One problem here is that there are two distinct time domains:
I think it comes down to "product concept", not academics. If you think of the simulator as a showoff for the microcode emulation in the core, then one simulates "performance" of the core, and show that one can nicely emulate the 8051 instruction set... Presumably, professionals in this space compete on the accuracy of the core timing and the instruction decoding, which is no doubt full of theoretical issues to war over, for fun. If the tool is for software types to build demos, as a rapid developement tool, pre board design/manufacturing, it needs a prototyping emphasis - and concept work for THAT audience. The fun part of the simulator was always the extension modules: seeing the I2C device, visually, was fun. Seeing the LED visualization was fun. Getting blinky() to work, naturally, could have been fun... acting as a sanity check. I was almost tempted to write my own extension for fun... now Im not. The product concept is evidently flawed - for my purposes. I have no interest whatsoever in the accuracy of simulation, re core timing. Its irrelevant to making a mockup of a product, that will use a commoidity uP on commodity boards. So there you have the result: I cannot show my customer a blinking led on the simualted front panel (or, rather, it blinks at about 20ms rate, clocktime, on my CPU) I cannot send packets through the redirected COM port to the simulator process, and have the IP stack behave normally re protocol exceptions, based on timers. This seems a shame, as both features are almost there, and the tool is almost really valuable for rapid application development. While I could probably now introduce a 50mS period external signal into the simulator as a "trick", I dont think Ill bother. I'd be fighting the product concept, and thats rarely a good idea. Peter.
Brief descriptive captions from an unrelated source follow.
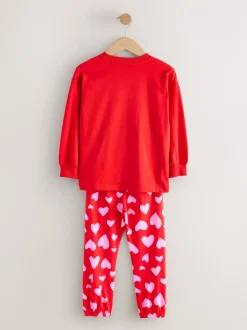 Rode strikken/hartjes - Verpakking van 3 pyjama's met joggingbroek (3-16 jr)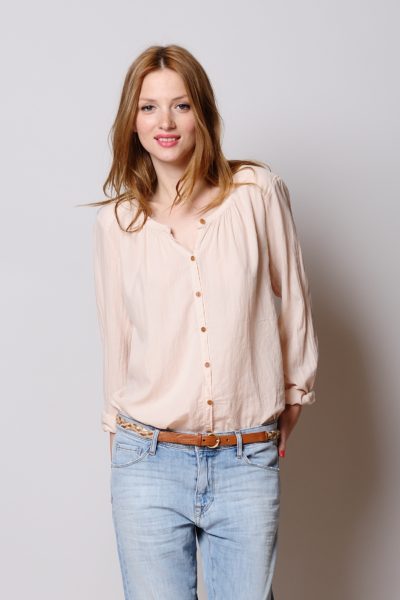 Une mannequin aux cheveux longs châtain clair sourit à l'objectif. Elle porte un chemisier rose clair boutonné aux manches retroussées et un jean bleu clair, accessoirisé d'une fine ceinture marron. Debout sur un fond uni et clair, elle respire le chic décontracté de Paris, capturé par le photographe Thomas Duclert.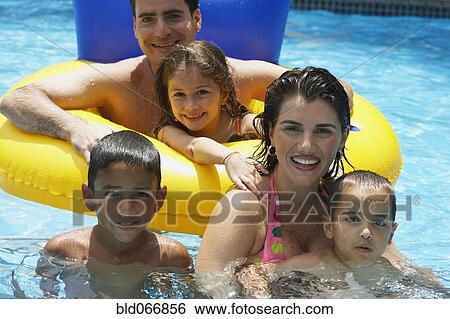 Family swimming in swimming pool View Large Photo Image Stock Photograph - Family swimming in swimming pool. Fotosearch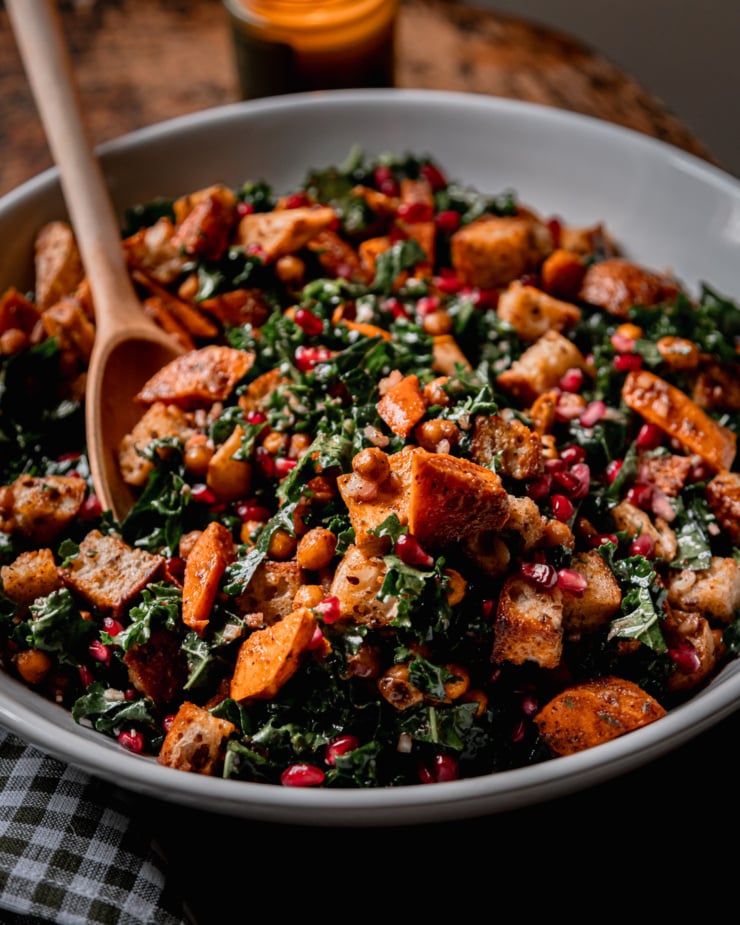 An up close, 3/4 angle shot shows a Thanksgiving Panzanella salad, containing kale, roasted sweet potato, carrot, parsnip, toasted bread cubes, and pomegranate seeds. A wooden spoon is sticking out of the salad.
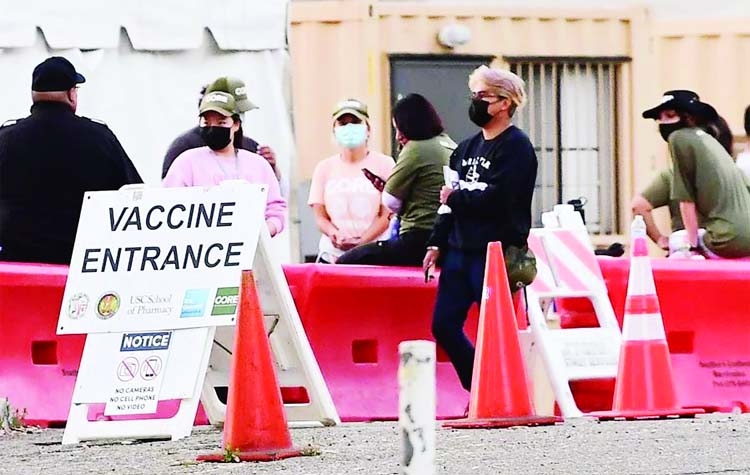 People wearing facemasks outdoors are seen at a Covid-19 vaccine site in Los Angeles, California, US.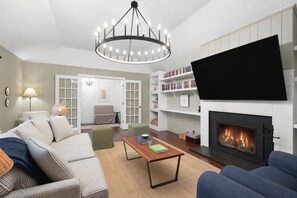A living room with a fireplace, a television, a chandelier, and a bookshelf. - Pondside Home | Hot Tub • Fire Pit • Beach Access (Greenwood Lake)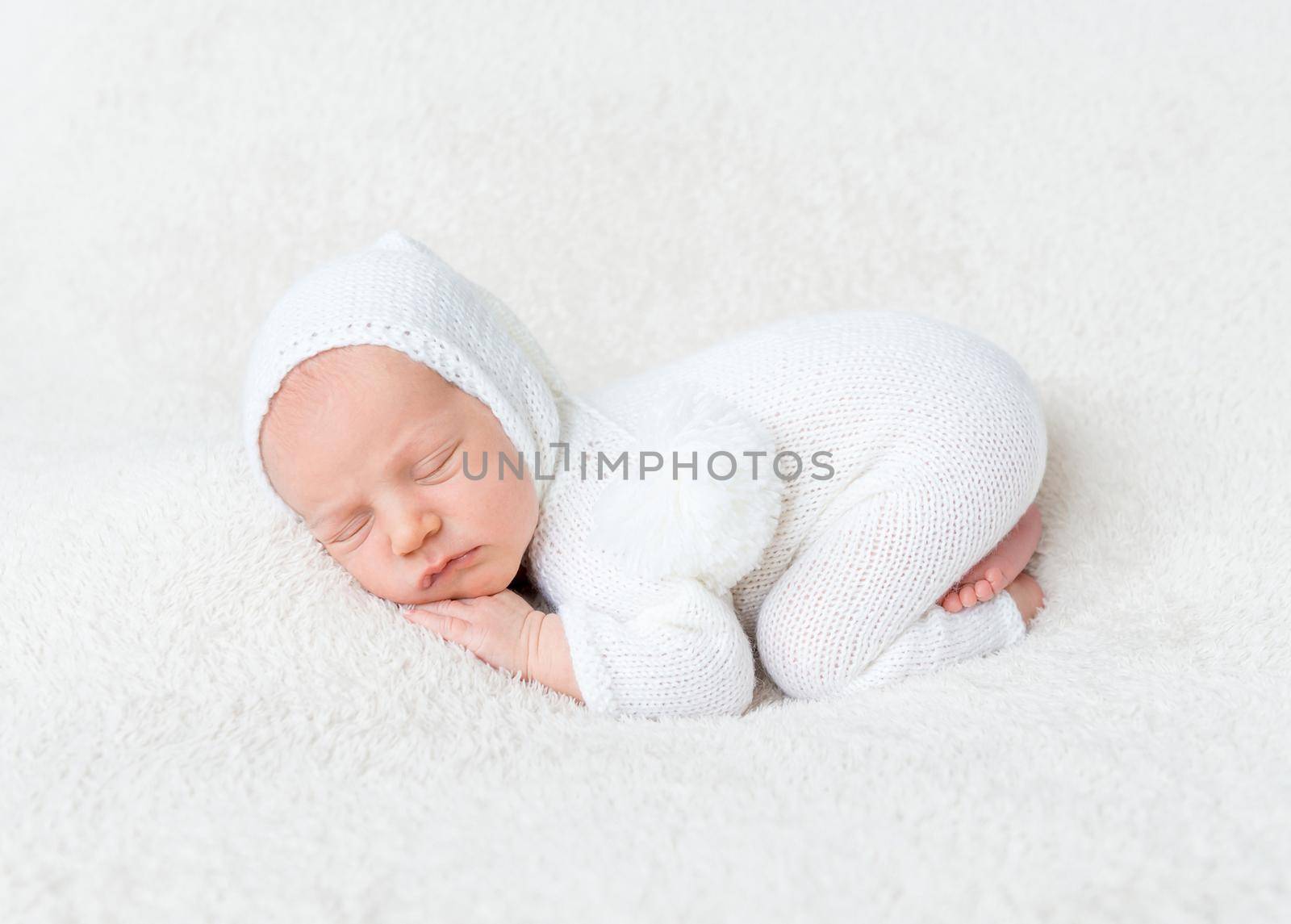 Infant boy in white bodysuit by tan4ikk1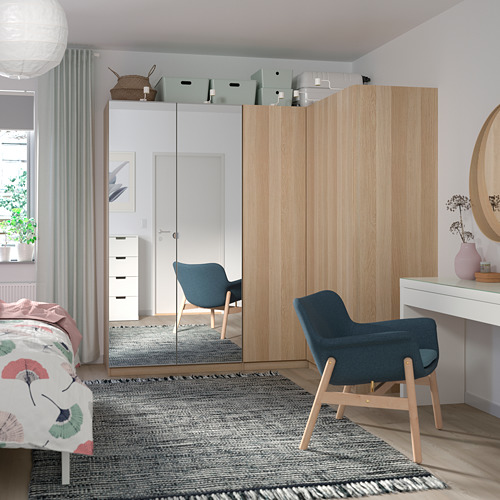 Un dormitorio moderno, un armario de madera clara FORSAND, una silla azul y un escritorio con cortinas transparentes que permiten la entrada de una luz suave.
May I add a comment just to establish some perspective? I remember writing in asm51 (no C compiler yet), using my own DOS batch files as my make utility, and debugging the code with port pins and an oscilloscope. The first time I used PK51 I was so happy and I couldn't believe how much this tool allowed me to do. It was like being a caveman who discovers fire, the wheel, and refrigeration all at once. When a slick new 51 variant comes out sure I'd like to have the new features supported in simulation right away but that never holds me back, the Keil tools are great.